Bismillah, walhamdulillah. Amma ba’du,
Cara berfikir yang harus dimiliki setiap muslim ketika mengais rezeki adalah bagaimana bekerja dengan cara yang
halal untuk mendapat rezeki yang halal. Seorang muslim semestinya tidak berfikir bagaimana menghasilkan rezeki yang banyak walau dengan cara apapun. Seorang muslim semestinya jangan hanya berfikir: “Yang penting dapat harta banyak”, tidak memedulikan kehalalan atau keharamannya.
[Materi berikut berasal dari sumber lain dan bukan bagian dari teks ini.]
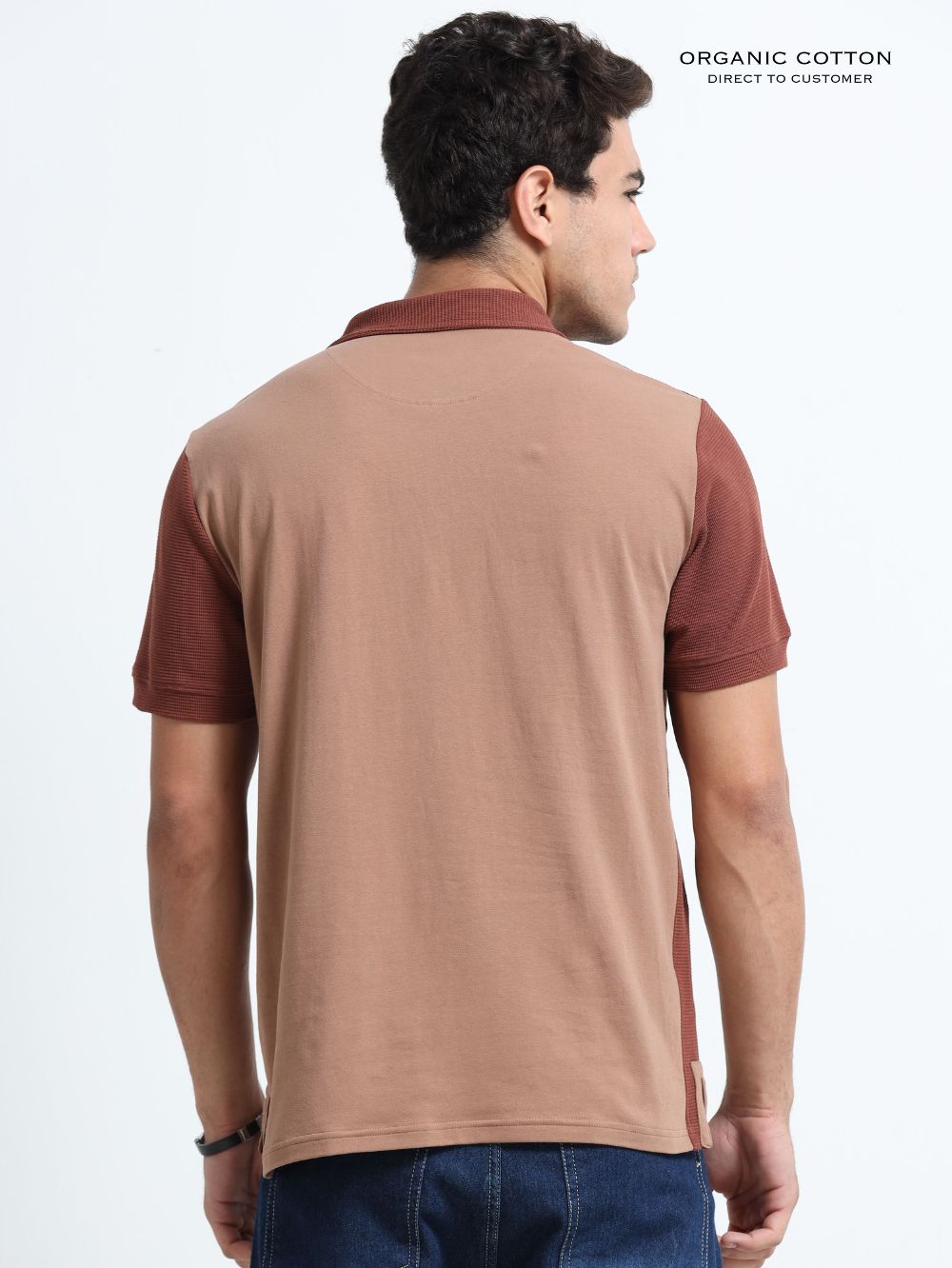 Dark Brown Modern Contrast Panel Zip Polo T-Shirt for Mens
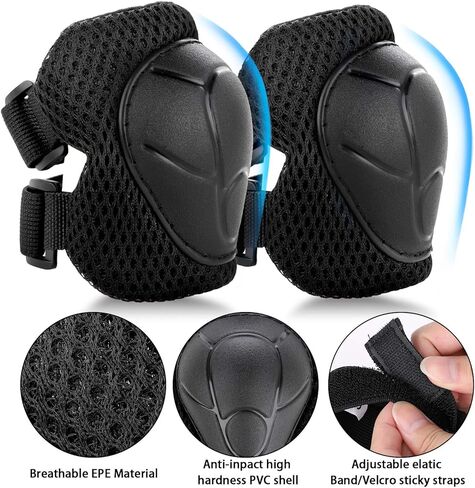 WayEee Kids Bike Helmet Set Skateboard Knee Pads, Helmet Pad Set Protective Gear Set Adjustable for Girls Kids 3-10 Helmet Elbow Pads Wrist Guards for Sport Cycling Bike Roller Skating Scooter in Kuwait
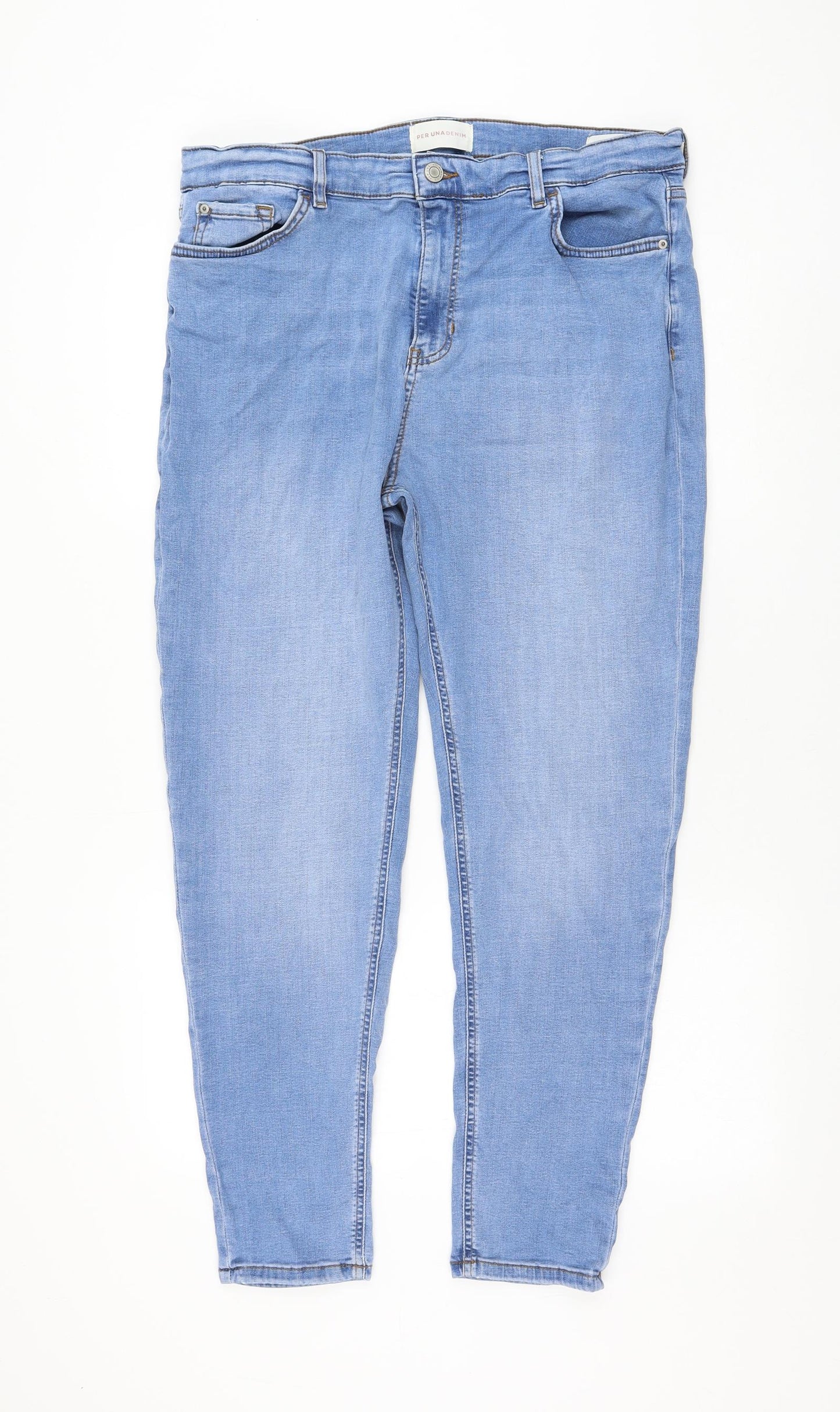 Marks and Spencer Womens Blue Cotton Straight Jeans Size 18 L27 in Regular Zip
Seorang muslim harus berprinsip seperti ini dikarenakan beberapa hal, diantaranya:
‘1. Rezeki setiap manusia bahkan setiap makhluk sudah dijamin Allah Ta’ala.
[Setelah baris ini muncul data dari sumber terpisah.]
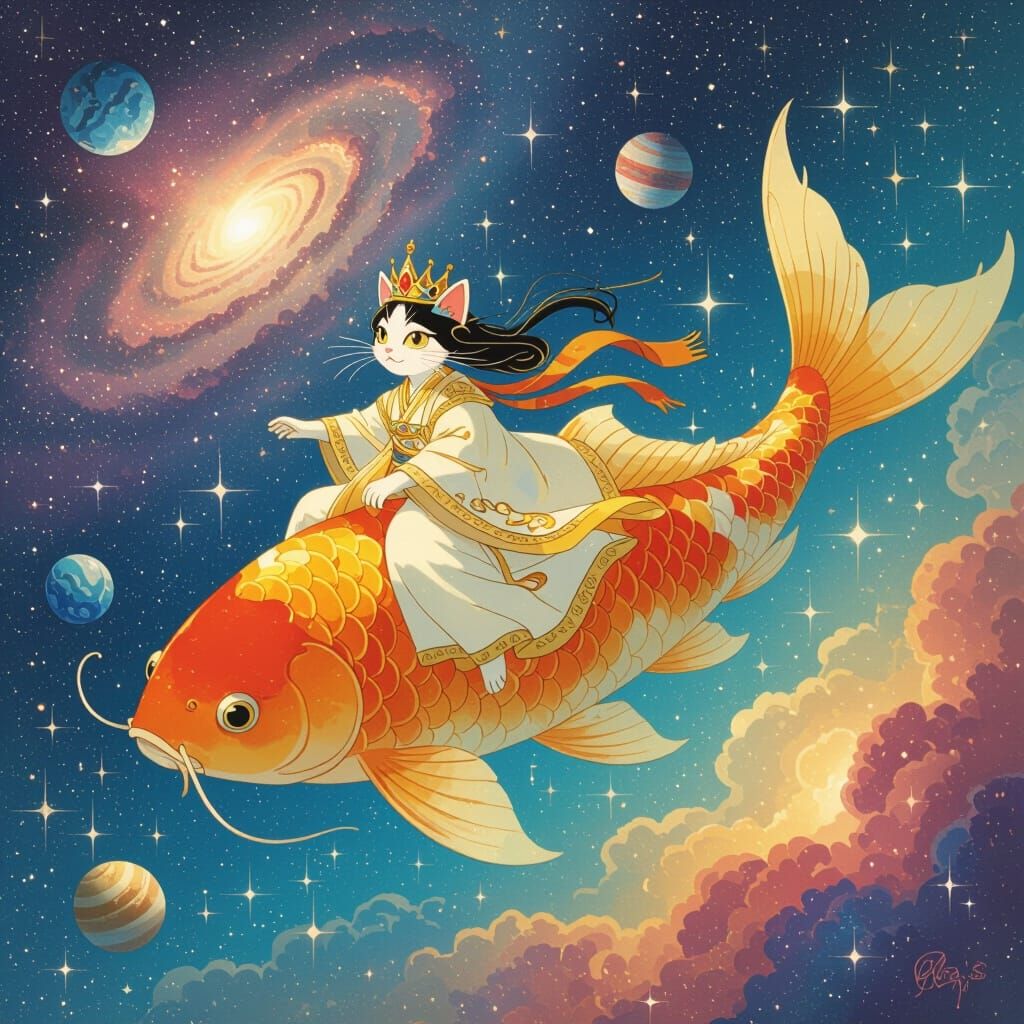 Celestial Cat Rides Koi Through Galaxy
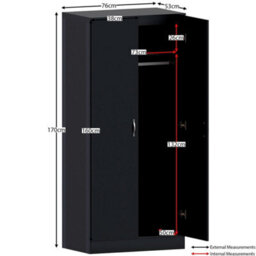 Modern Black Wardrobe Clothes Hanging Rail Storage Cupboard Bedroom Furniture - thumbnail 2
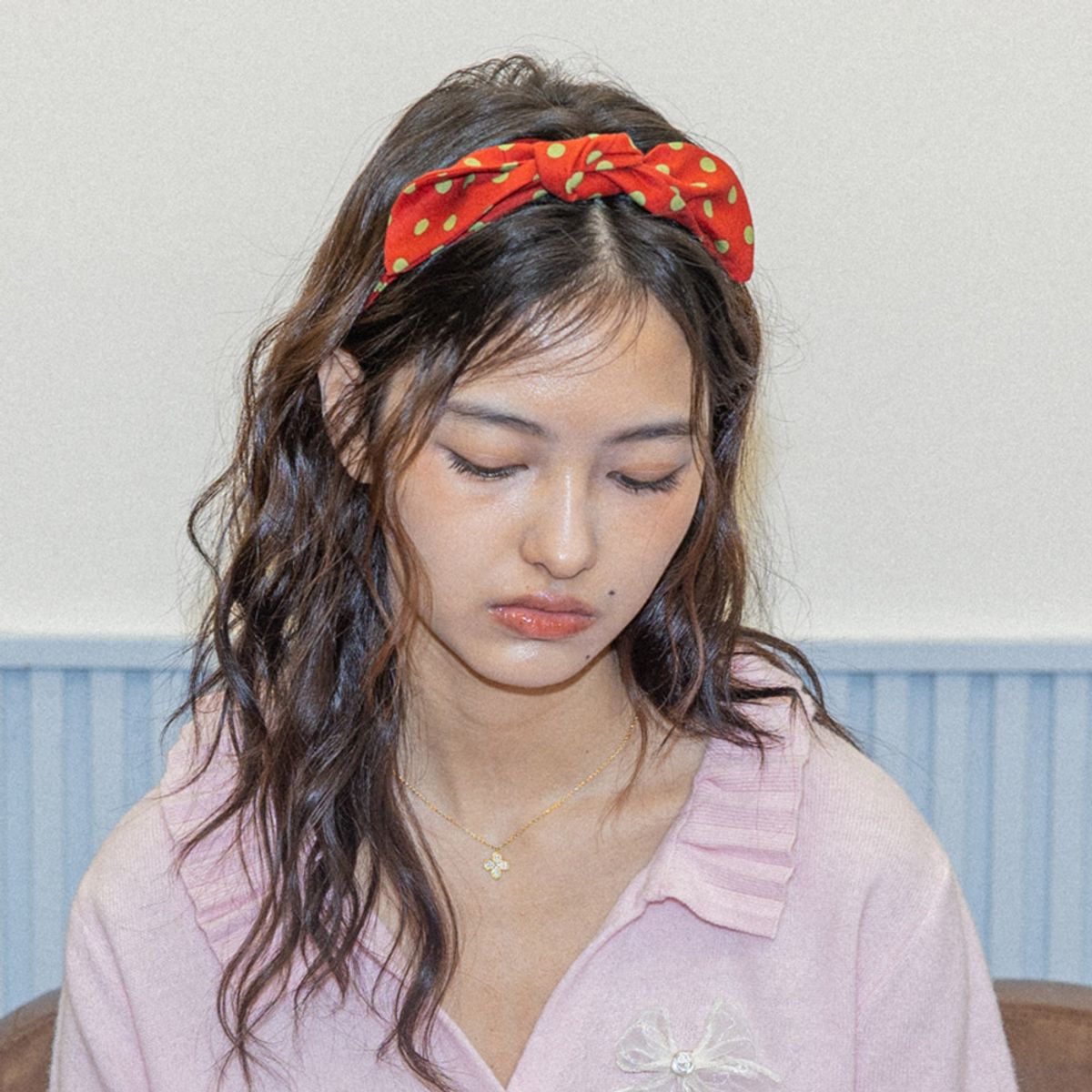 던드롭(DUNDROP) DD_Candy dot scarf_RED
[هود: 6]{وَمَا مِنْ دَابَّةٍ فِي الْأَرْضِ إِلَّا عَلَى اللَّهِ رِزْقُهَا وَيَعْلَمُ مُسْتَقَرَّهَا وَمُسْتَوْدَعَهَا كُلٌّ فِي كِتَابٍ مُبِينٍ}
“Dan tidak ada suatu binatang melata pun di bumi melainkan Allah-lah yang memberi rezekinya, dan Dia mengetahui tempat berdiam binatang itu dan tempat penyimpanannya. Semuanya tertulis dalam kitab yang nyata (Al-Lauh Al-Mahfuzh)” (QS. Huud:6)
Berkata Ibnu Katsir rahimahullah:
أخبر تعالى أنه متكفل بأرزاق المخلوقات، من سائر دواب الأرض، صغيرها وكبيرها، بحريها، وبريها
Artinya: “Allah ta’ala mengabarkan bahwasanya Dia Yang menjamin akan rezeki seluruh makhluk, dari seluruh binatang melata di bumi, besar kecil dan daratan atau lautannya.” (Lihat kitab Tafsir Al Quran Al Azhim, di dalam ayat di atas).
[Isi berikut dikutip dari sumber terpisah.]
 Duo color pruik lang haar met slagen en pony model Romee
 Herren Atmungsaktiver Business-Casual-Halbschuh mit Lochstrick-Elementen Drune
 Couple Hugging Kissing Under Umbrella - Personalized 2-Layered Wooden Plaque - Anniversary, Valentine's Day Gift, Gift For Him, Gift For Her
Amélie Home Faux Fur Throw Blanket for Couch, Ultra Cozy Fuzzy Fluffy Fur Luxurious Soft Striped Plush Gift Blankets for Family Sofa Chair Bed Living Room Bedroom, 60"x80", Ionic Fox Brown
Berkata Syeikh As-Sa’dy rahimahullah:
أي: جميع ما دب على وجه الأرض، من آدمي، أو حيوان بري أو بحري، فالله تعالى قد تكفل بأرزاقهم
وأقواتهم، فرزقها على الله.
Artinya: “Maksudnya adalah seluruh yang berjalan di atas muka bumi baik dari manusia atau hewan darat atau laut, maka Allah Ta’ala telah menjamin rezeki dan makanan mereka, semuanya ditanggung Allah.” (Lihat kitab Taisir Al-Karim Ar-Rahman di dalam ayat ini).
[العنكبوت: 60] {وَكَأَيِّنْ مِنْ دَابَّةٍ لَا تَحْمِلُ رِزْقَهَا اللَّهُ يَرْزُقُهَا وَإِيَّاكُمْ وَهُوَ السَّمِيعُ الْعَلِيمُ}
Artinya: “Dan berapa banyak binatang yang tidak (dapat) membawa (mengurus) rezekinya sendiri. Allah-lah yang memberi rezeki kepadanya dan kepadamu dan Dia Maha Mendengar lagi Maha Mengetahui.” (QS. Al Ankabut: 60).
2. Rezeki setiap manusia tidak akan tertukar
Abdullah bin Mas’ud radhiyallahu berkata: “Rasulullah shallallahu ‘alaihi wasallam bersabda kepada kami dan beliau adalah orang yang benar dan dibenarkan:
إِنَّ أَحَدَكُمْ يُجْمَعُ خَلْقُهُ فِى بَطْنِ أُمِّهِ أَرْبَعِينَ يَوْمًا ثُمَّ يَكُونُ فِى ذَلِكَ عَلَقَةً مِثْلَ ذَلِكَ ثُمَّ يَكُونُ فِى ذَلِكَ مُضْغَةً مِثْلَ ذَلِكَ”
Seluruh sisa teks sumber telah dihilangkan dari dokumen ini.